WHAT TO DO
From the data below, return each line in which the string "image" is found.

THE DATA
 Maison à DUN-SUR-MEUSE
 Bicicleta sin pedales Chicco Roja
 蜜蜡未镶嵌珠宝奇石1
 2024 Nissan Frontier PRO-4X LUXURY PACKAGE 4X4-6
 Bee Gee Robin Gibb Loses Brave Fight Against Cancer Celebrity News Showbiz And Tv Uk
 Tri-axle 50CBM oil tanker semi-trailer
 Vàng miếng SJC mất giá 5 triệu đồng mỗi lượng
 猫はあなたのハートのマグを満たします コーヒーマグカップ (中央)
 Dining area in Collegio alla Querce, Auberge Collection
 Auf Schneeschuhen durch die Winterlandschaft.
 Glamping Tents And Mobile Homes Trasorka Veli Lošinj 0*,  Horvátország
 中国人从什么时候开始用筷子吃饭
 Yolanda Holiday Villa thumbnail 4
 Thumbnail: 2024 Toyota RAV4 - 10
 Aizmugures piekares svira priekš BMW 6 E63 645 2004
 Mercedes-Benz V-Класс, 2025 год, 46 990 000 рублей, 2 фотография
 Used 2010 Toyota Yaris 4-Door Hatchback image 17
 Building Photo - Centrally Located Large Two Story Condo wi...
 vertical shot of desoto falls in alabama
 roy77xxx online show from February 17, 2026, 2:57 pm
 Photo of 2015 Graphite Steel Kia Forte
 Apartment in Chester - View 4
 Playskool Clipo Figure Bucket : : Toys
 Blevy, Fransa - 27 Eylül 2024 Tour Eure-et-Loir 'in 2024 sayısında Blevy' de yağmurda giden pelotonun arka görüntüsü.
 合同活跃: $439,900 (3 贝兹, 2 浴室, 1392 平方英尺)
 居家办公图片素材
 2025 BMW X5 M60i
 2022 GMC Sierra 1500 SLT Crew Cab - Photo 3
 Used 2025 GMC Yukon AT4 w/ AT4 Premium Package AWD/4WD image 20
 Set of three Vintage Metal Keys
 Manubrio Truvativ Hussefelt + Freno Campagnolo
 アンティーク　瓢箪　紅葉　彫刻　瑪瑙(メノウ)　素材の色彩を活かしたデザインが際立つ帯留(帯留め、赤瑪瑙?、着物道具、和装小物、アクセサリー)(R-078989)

SOLUTION
 Used 2010 Toyota Yaris 4-Door Hatchback image 17
 Used 2025 GMC Yukon AT4 w/ AT4 Premium Package AWD/4WD image 20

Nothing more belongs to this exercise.